Transfusion. 2007 Nov;47(11):2072-80.
Constantine MM, Thomas W, Whitman L, Kahwash E, Dolan S, Smith S, Caudle CJ, Burton E, Anderson DR.
Capital District Health Authority and the Nova Scotia Provincial Blood Coordinating Program, Halifax, Nova Scotia, Canada.
BACKGROUND:
Intravenous immunoglobulin (IVIG) use for labeled and unlabeled
indications is growing steadily. By use of a collaborative regional
strategy, baseline IVIG usage and appropriateness of utilization were
determined for Atlantic Canada. The effectiveness of strategies
designed to optimize utilization was also studied.
STUDY DESIGN AND
METHODS: A regional working group was created to monitor IVIG
utilization for a 2-year period in the four Canadian Atlantic
Provinces.
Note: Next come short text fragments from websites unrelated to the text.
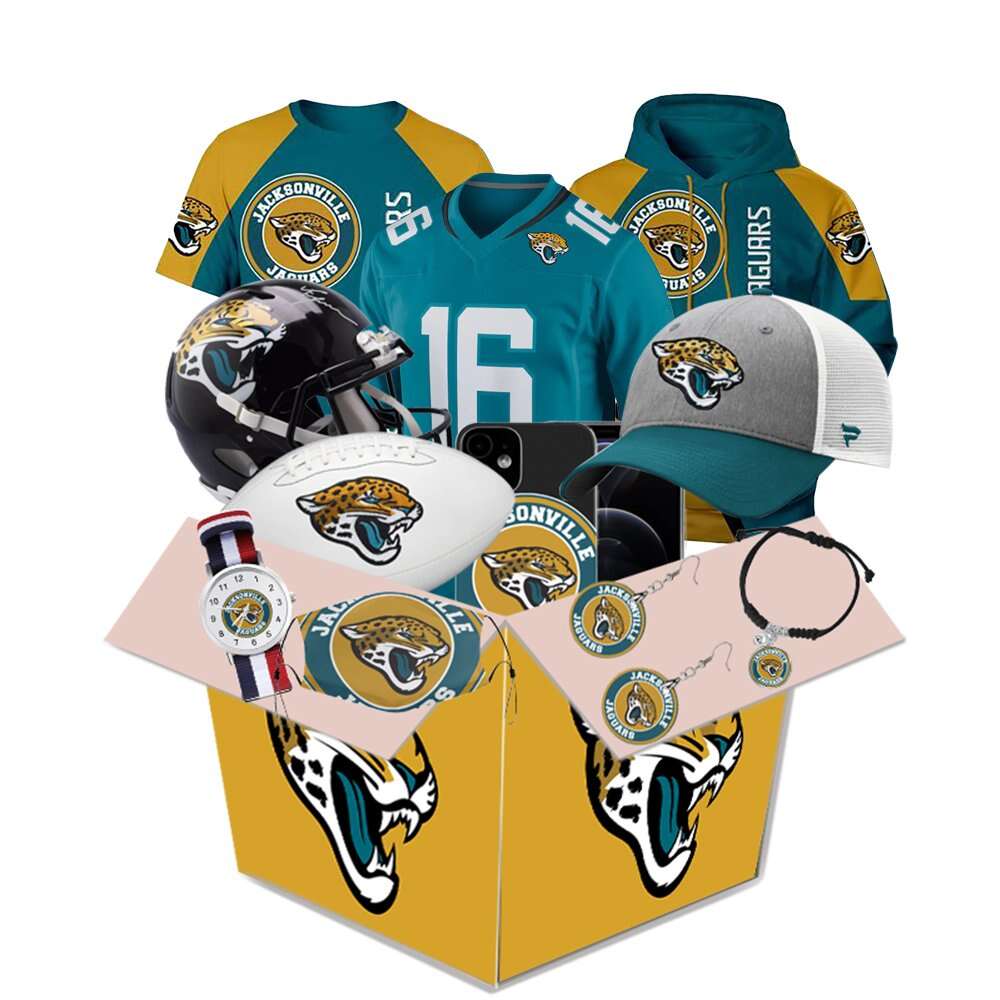 Jacksonville Jaguars Box-duuuuuval
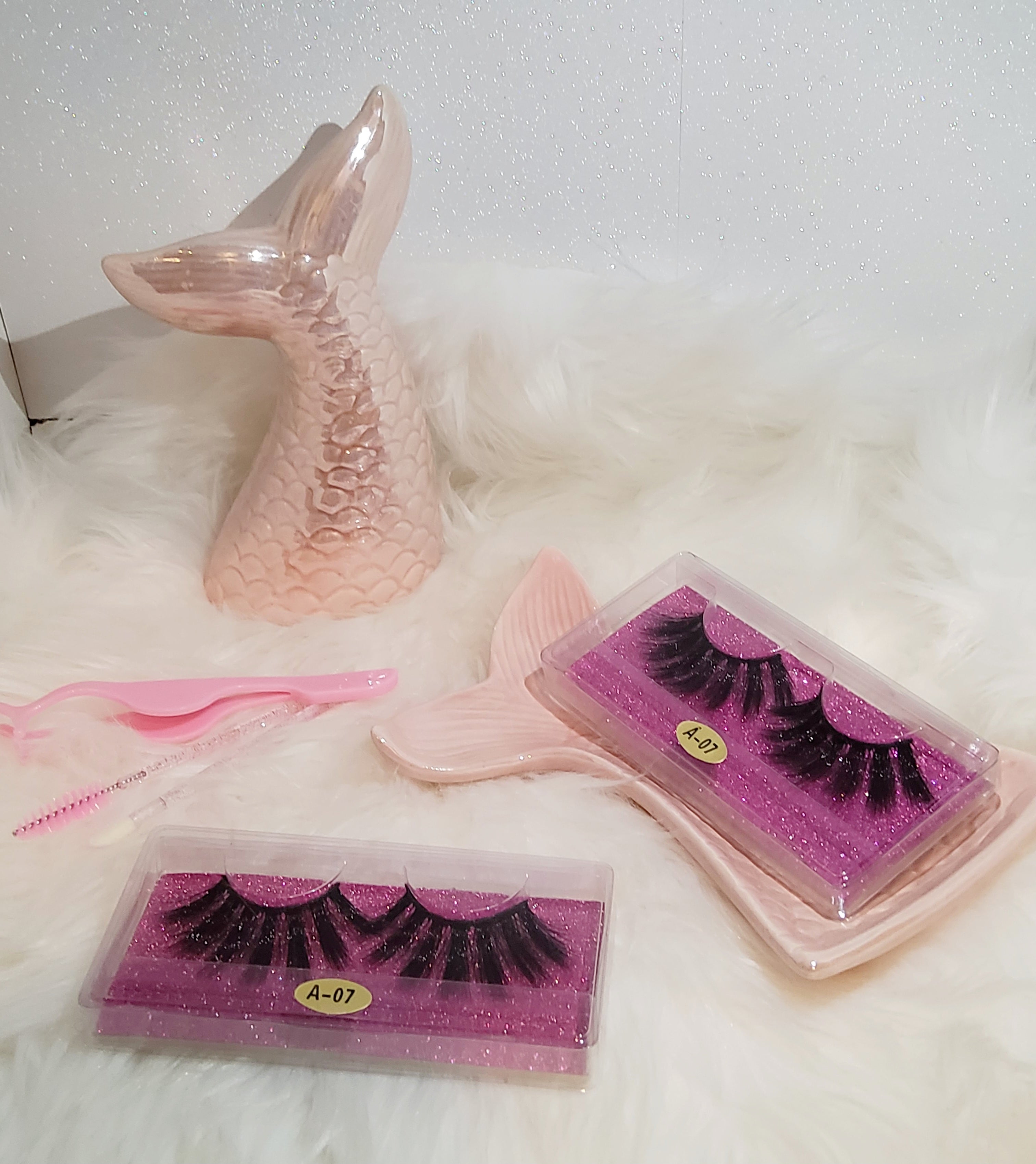 A Series - 25mm Series Eyelashes Retail & Wholesale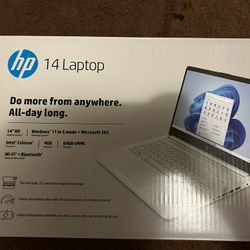 Hp laptop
A registry of IVIG was created. Assessment of indication
appropriateness was determined with national and provincial guidelines
along with expert clinical opinion. To optimize IVIG use, IVIG
guidelines and feedback reports were distributed to stakeholders.
Appropriateness of IVIG use was compared over the course of the study.
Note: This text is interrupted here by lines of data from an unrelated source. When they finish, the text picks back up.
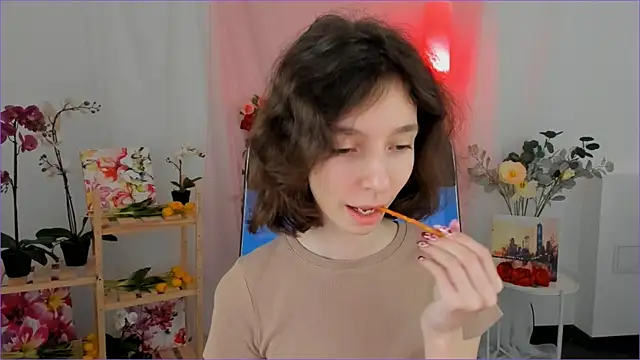 EmmanuellBrown online show from December 2025 10:09:02 AM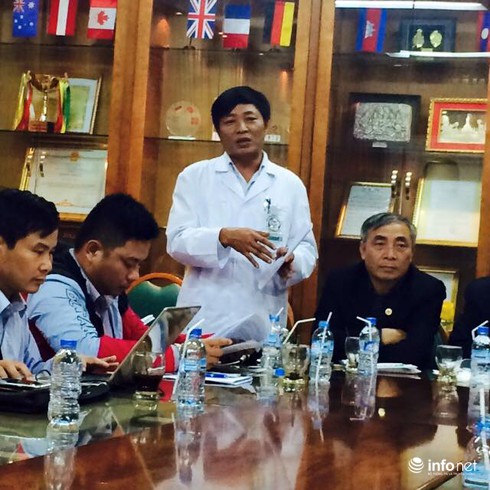 Xử lý rác thải y tế: Bệnh viện Bạch Mai thừa nhận báo chí phản ánh đúng sự thật - ảnh 2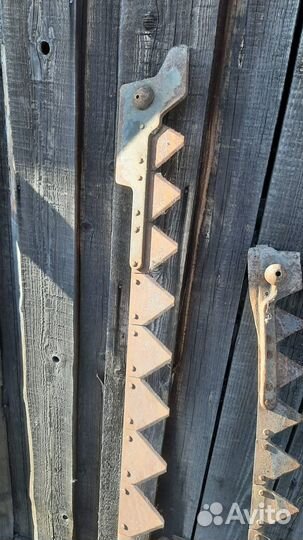 Ножи для сегментной косилки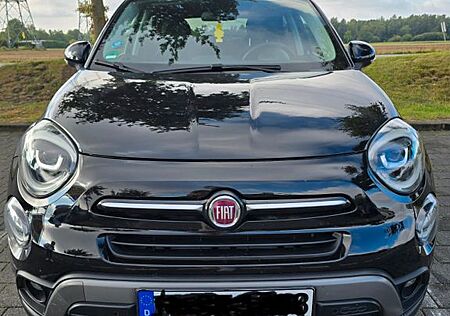 Fiat 500X gebraucht kaufen Fiat 500X 1.3 FireFly Turbo 111kW DCT CROSS CROSS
RESULTS: The leading indications for IVIG use were idiopathic
thrombocytopenic purpura (17.3%), primary immune deficiency conditions
(14.9%), and chronic idiopathic demyelinating polyneuropathy (11.8%).
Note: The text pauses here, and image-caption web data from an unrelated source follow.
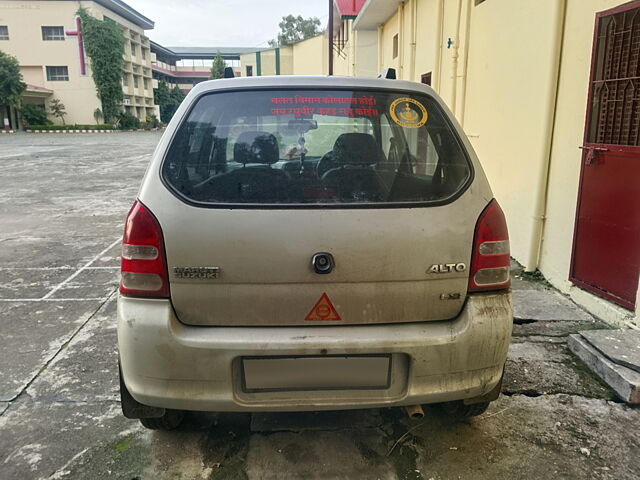 Used Maruti Suzuki Alto [2005-2010] LXi BS-III in Jabalpur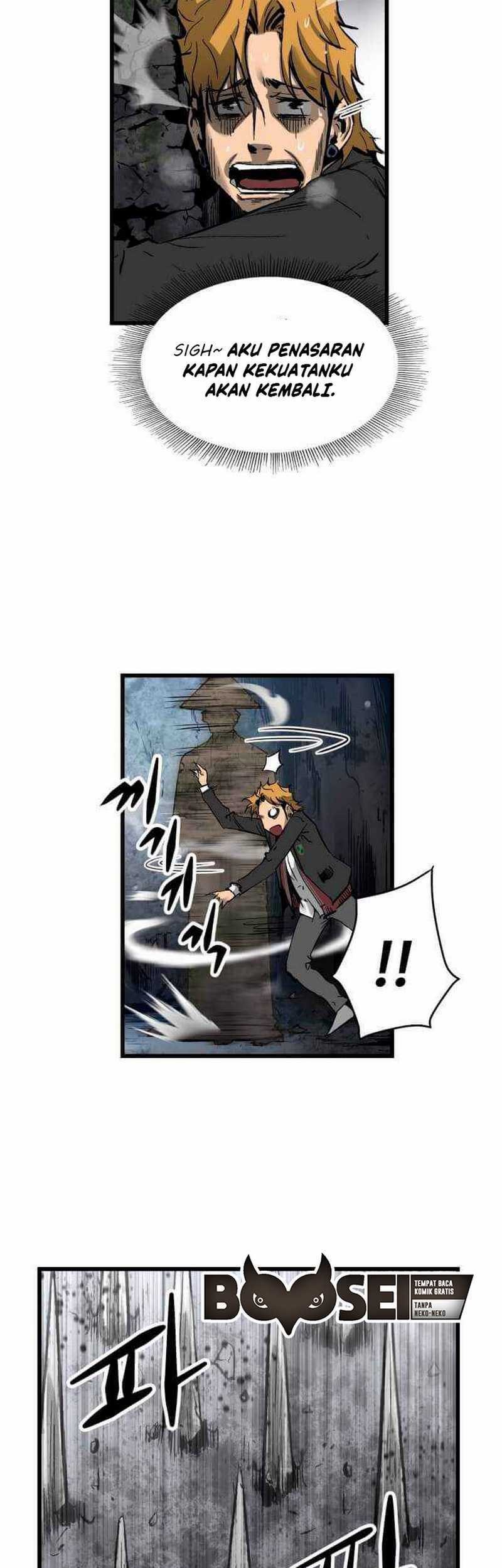 The Un-Comparable Chapter 20 Gambar 44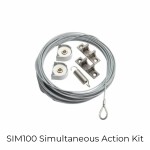 Henderson Pocket Door Sliding Door Kit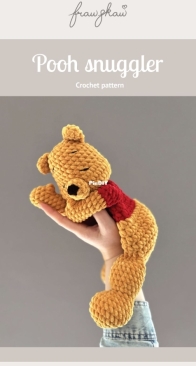 Frauskau - Janni Skau Christensen - Pooh snuggler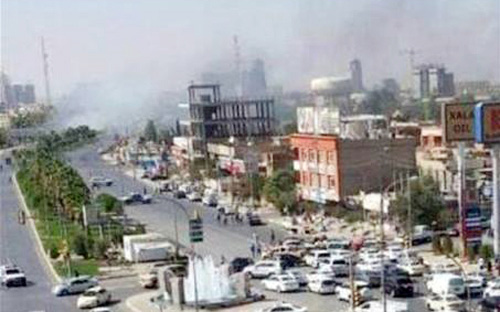 مقتل (6) عناصر أمن أكراد .. و (27) شخصاً في العاصمة بغداد 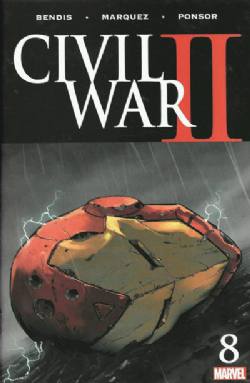 Civil War 2 [Marvel] (2016) 8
The leading prescribing specialists were neurologists (32.2%) and
hematologists (26.1%). A total of 37.1 percent of IVIG usage was in
accordance with labeled indications. After optimization strategies were
implemented, there was little change in labeled use. There was a 4.2
percent decrease in unlabeled use not supported by evidence (p <
0.001). CONCLUSIONS: A regional collaborative strategy for monitoring
IVIG use was established. Most of the IVIG use was for labeled or
appropriate indications. The majority of unlabeled use was supported by
the medical literature. Strategies to optimize IVIG utilization were
associated with a decrease in inappropriate IVIG use and a plateau in
IVIG utilization compared to the rest of the country.